◆ Task instructions:
The records below are to be reproduced exactly, with every picture left out.

(Scraped caption text data)
- Opening Delimiter -

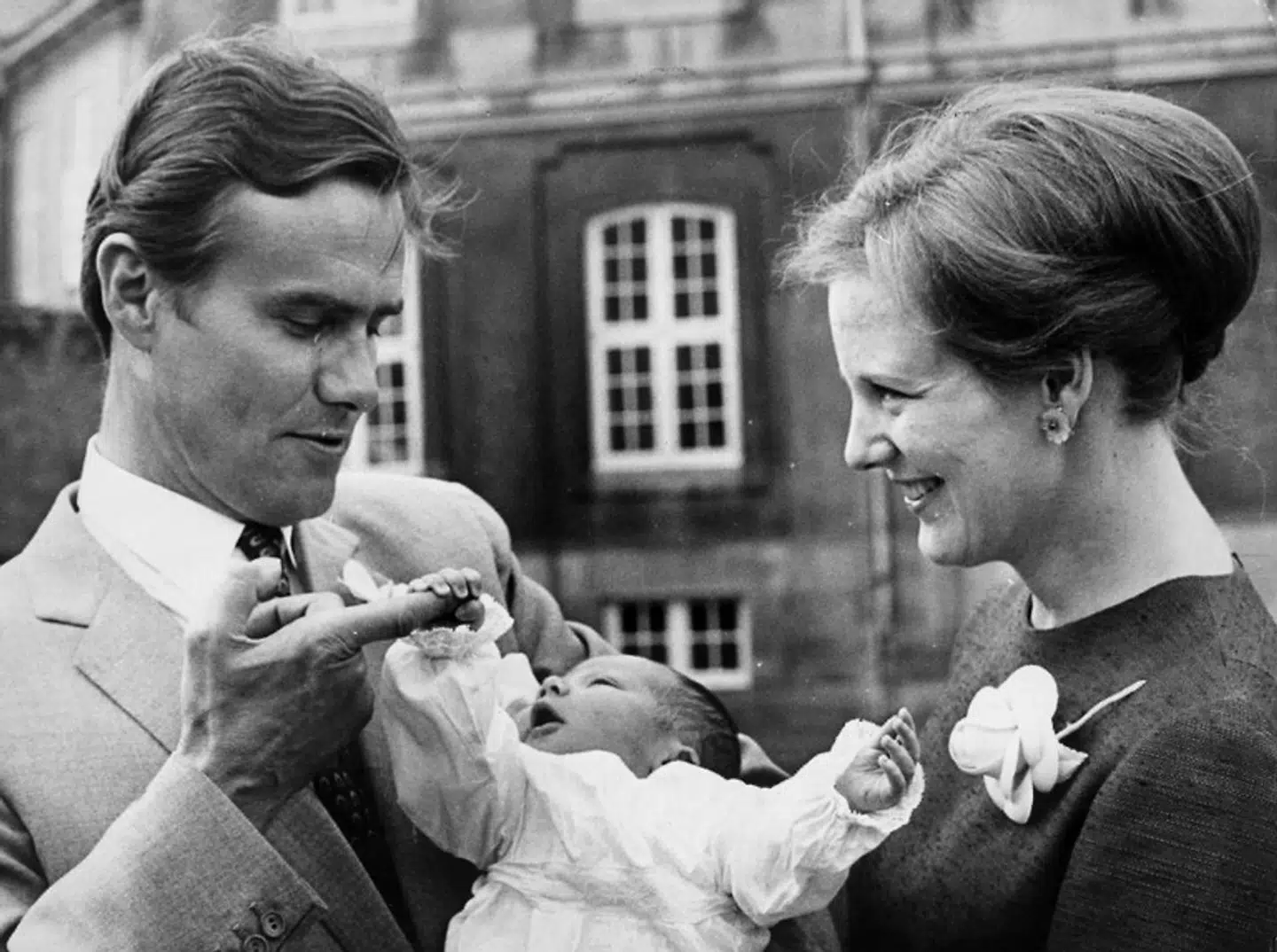 De stolte nybagte forældre med deres førstefødte, kronprins Frederik som nyfødt.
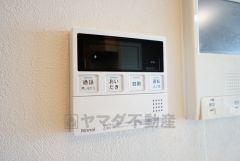 キッチン横に給湯器リモコンを設置していますので、忙しい時間帯でもスイッチ一つでお風呂の用意ができますよ＾＾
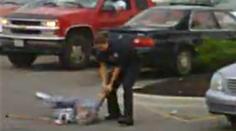Policistka "sejmula" stařenku s Alzheimerem. VIDEA policejní brutality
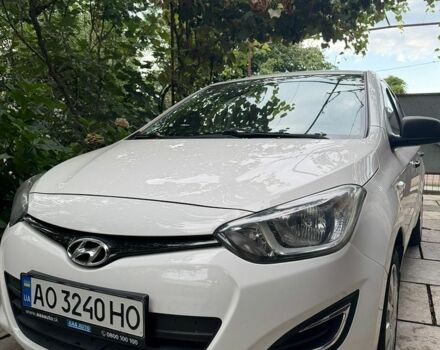 Белый Хендай и20, объемом двигателя 1.25 л и пробегом 260 тыс. км за 5700 $, фото 1 на Automoto.ua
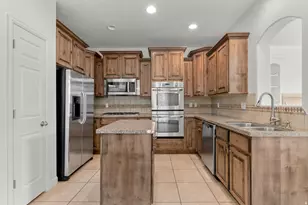 10572 S Ozarks Dr, South Jordan, UT 84009 - Photo 3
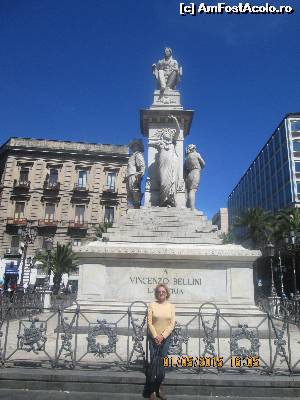 [P02] 1 mai 2015 eu si statuia lui Vicenzo Bellini, in Piazza Stescoro, centrul vechi al Cataniei.  » foto by olga
 - 
<span class="allrVoted glyphicon glyphicon-heart hidden" id="av620574"></span>
<a class="m-l-10 hidden" id="sv620574" onclick="voting_Foto_DelVot(,620574,3509)" role="button">șterge vot <span class="glyphicon glyphicon-remove"></span></a>
<a id="v9620574" class=" c-red"  onclick="voting_Foto_SetVot(620574)" role="button"><span class="glyphicon glyphicon-heart-empty"></span> <b>LIKE</b> = Votează poza</a> <img class="hidden"  id="f620574W9" src="/imagini/loader.gif" border="0" /><span class="AjErrMes hidden" id="e620574ErM"></span>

- Closing Delimiter -

◆ Completed task:
 De stolte nybagte forældre med deres førstefødte, kronprins Frederik som nyfødt.
 キッチン横に給湯器リモコンを設置していますので、忙しい時間帯でもスイッチ一つでお風呂の用意ができますよ＾＾
Policistka "sejmula" stařenku s Alzheimerem. VIDEA policejní brutality
 Белый Хендай и20, объемом двигателя 1.25 л и пробегом 260 тыс. км за 5700 $, фото 1 на Automoto.ua
 10572 S Ozarks Dr, South Jordan, UT 84009 - Photo 3
 [P02] 1 mai 2015 eu si statuia lui Vicenzo Bellini, in Piazza Stescoro, centrul vechi al Cataniei.  » foto by olga
 - 
<span class="allrVoted glyphicon glyphicon-heart hidden" id="av620574"></span>
<a class="m-l-10 hidden" id="sv620574" onclick="voting_Foto_DelVot(,620574,3509)" role="button">șterge vot <span class="glyphicon glyphicon-remove"></span></a>
<a id="v9620574" class=" c-red"  onclick="voting_Foto_SetVot(620574)" role="button"><span class="glyphicon glyphicon-heart-empty"></span> <b>LIKE</b> = Votează poza</a> <img class="hidden"  id="f620574W9" src="/imagini/loader.gif" border="0" /><span class="AjErrMes hidden" id="e620574ErM"></span>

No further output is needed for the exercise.